===== Records for this task =====

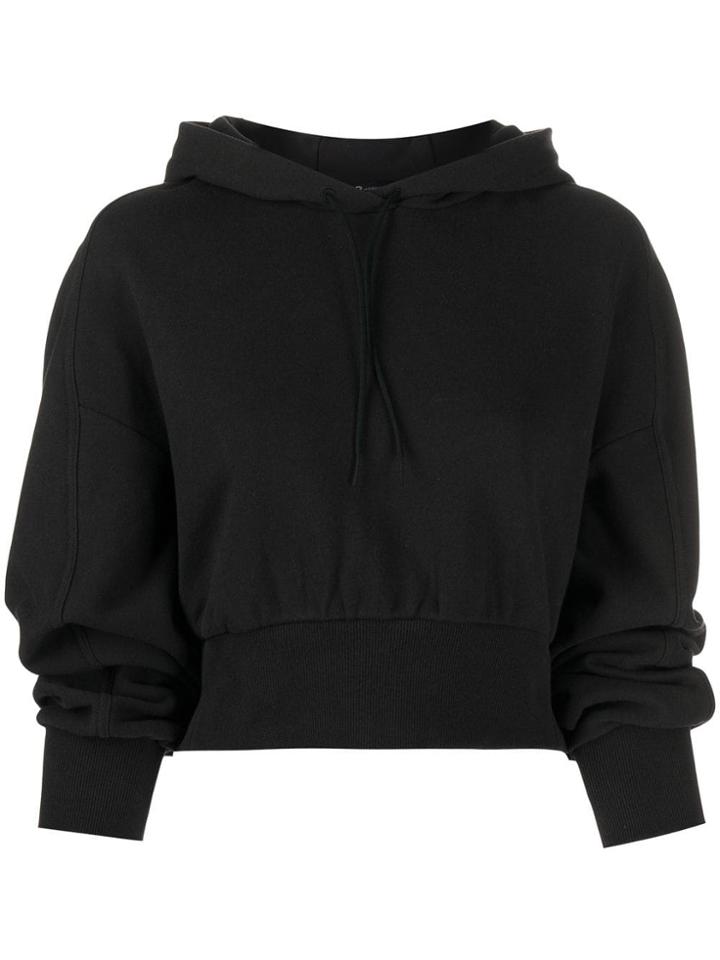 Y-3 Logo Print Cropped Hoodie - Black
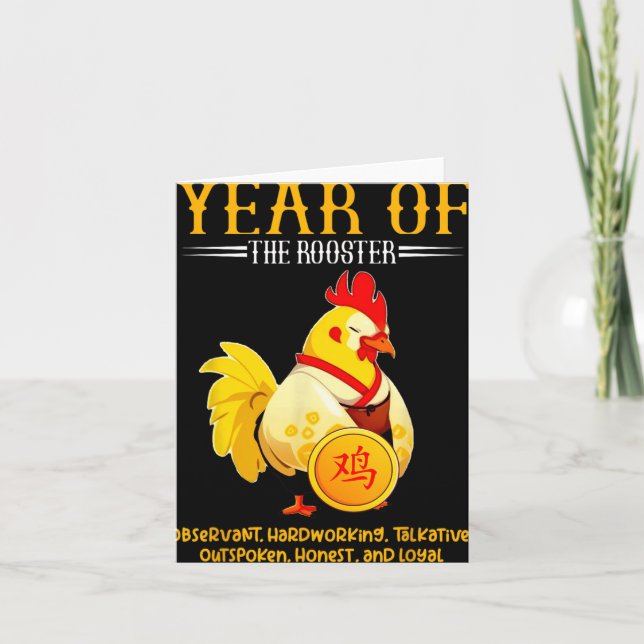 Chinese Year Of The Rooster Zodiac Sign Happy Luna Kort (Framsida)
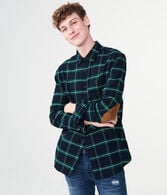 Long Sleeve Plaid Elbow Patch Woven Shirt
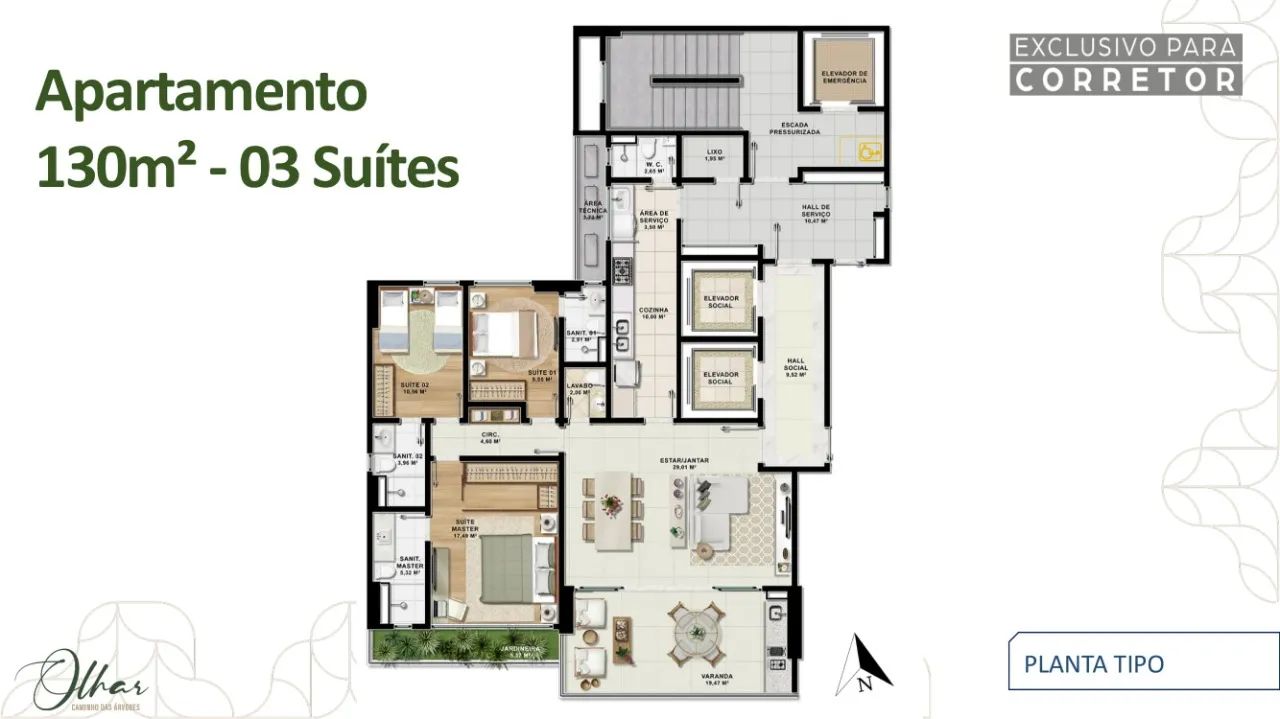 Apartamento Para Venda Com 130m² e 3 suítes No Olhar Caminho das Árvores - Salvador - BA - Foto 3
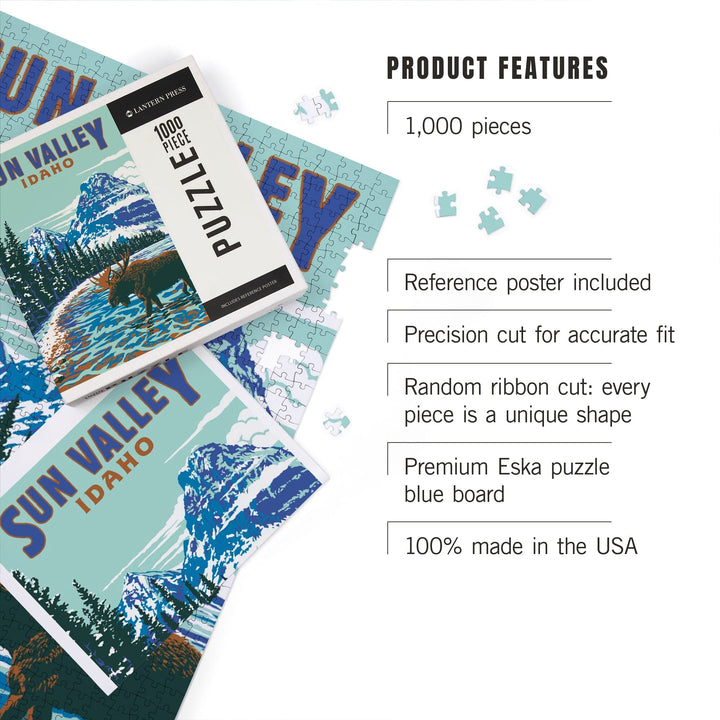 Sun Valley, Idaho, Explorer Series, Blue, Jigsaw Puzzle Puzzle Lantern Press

=====

The expected result is every record above, word for word, with no pictures in it.

 Y-3 Logo Print Cropped Hoodie - Black
 Chinese Year Of The Rooster Zodiac Sign Happy Luna Kort (Framsida)
 Long Sleeve Plaid Elbow Patch Woven Shirt
 Apartamento Para Venda Com 130m² e 3 suítes No Olhar Caminho das Árvores - Salvador - BA - Foto 3
 Sun Valley, Idaho, Explorer Series, Blue, Jigsaw Puzzle Puzzle Lantern Press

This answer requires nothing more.